*Your task:* Starting at the line that contains "grab-your-dedicated-team", retype each line to the end of the listing below. Include both ends, but not the pictures.

*Dataset extract:*
>>>

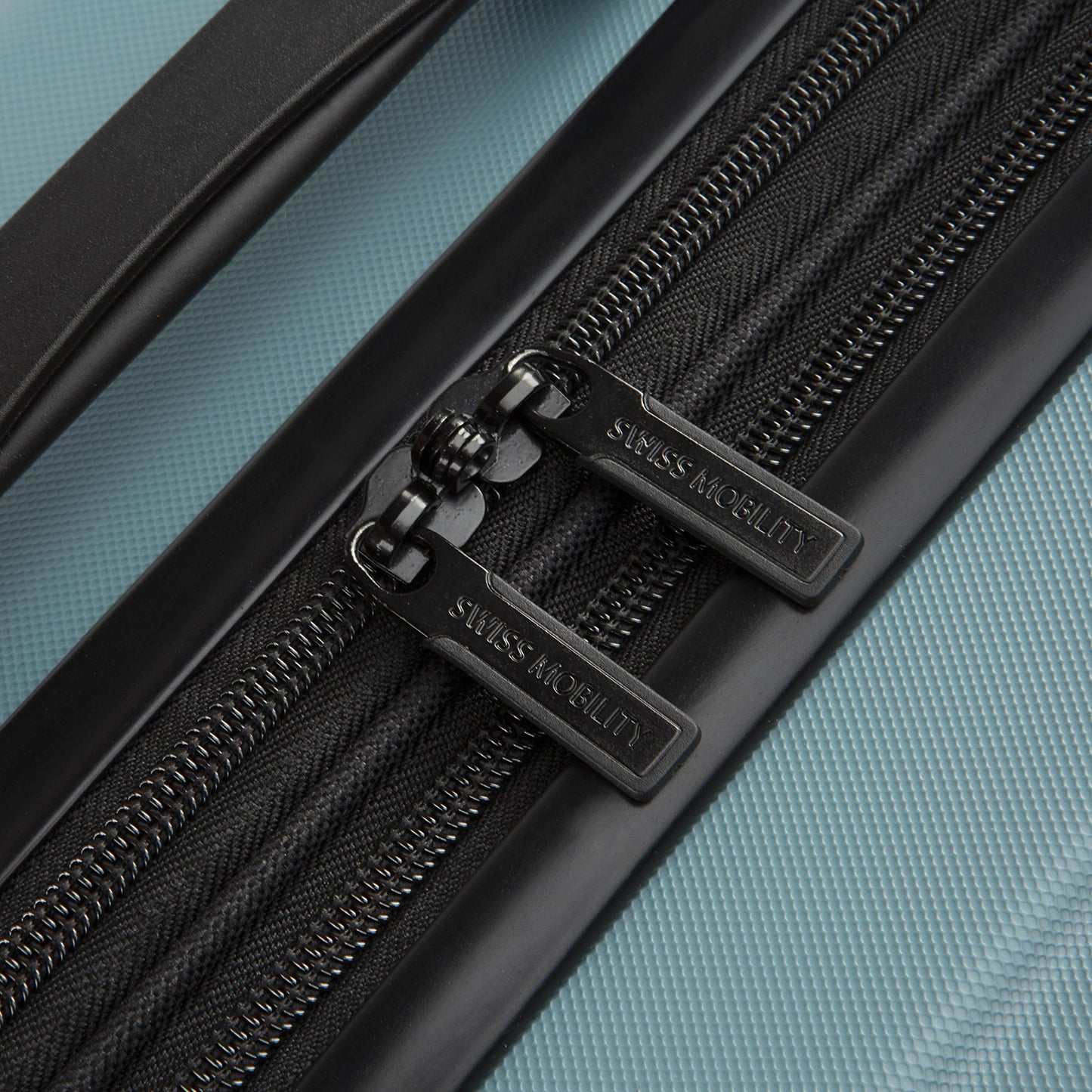 Ensemble Swiss Mobility SAN 3 pièces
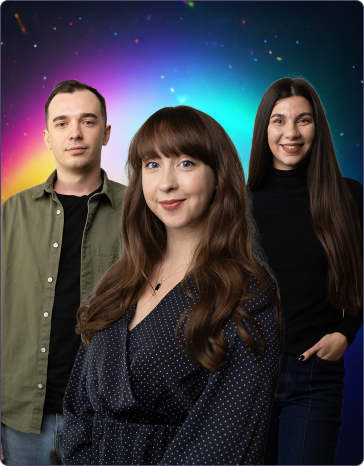 grab-your-dedicated-team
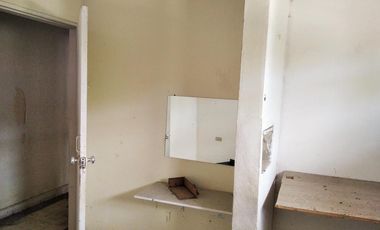 casa en venta en chiquinquirá (suroccidente). Cod V24343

<<<

*Solution for this problem:*
 grab-your-dedicated-team
 casa en venta en chiquinquirá (suroccidente). Cod V24343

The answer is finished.